All the things you can learn at a Canadian MUN
You can moderate my caucus anytime you like
The KCL UNA (aka the Delegation of the great “People’s Republic of China” #TheSouthChinaSeaBelongsToChina) packed their bags for another exciting trip to Harvard World Model United Nations Conference’s new exciting location: Montreal, Canada!
Upon arrival, the weather was excruciatingly cold, but on the bright side, the strongest snowstorm in 23 years struck the team on their second day of the conference… aside from that, this week’s events were very eye-opening, and here is your step-by-step guide to everything you will learn at a Canadian WorldMUN conference.

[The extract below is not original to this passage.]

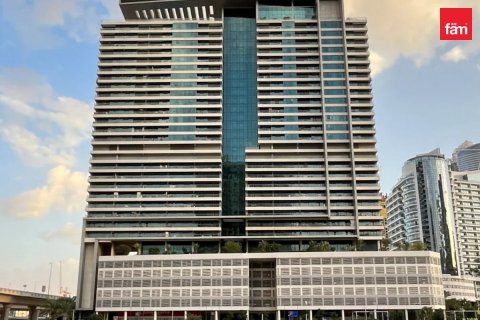 Appartement à Business Bay, Dubai, 1 chambre, 102.1 m², № 119024 - photo 8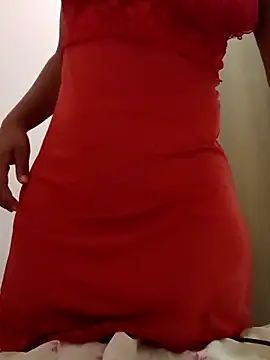 baianinhanovinha online show from November 2025 07:12:01 PM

Montreal-eans are Bilingual… and proud
They have this incomprehensible ability to combine both their native languages at the same time in a matter of seconds. You’ll see it at the opening and closing ceremonies, and you’ll also see it at every coffee/muffin/donut break at Tim Horton’s in between the unmoderated caucuses, where the employees will greet you with their confusing “Bonjour/Hi”. Like what do I say? What do you want from me?!??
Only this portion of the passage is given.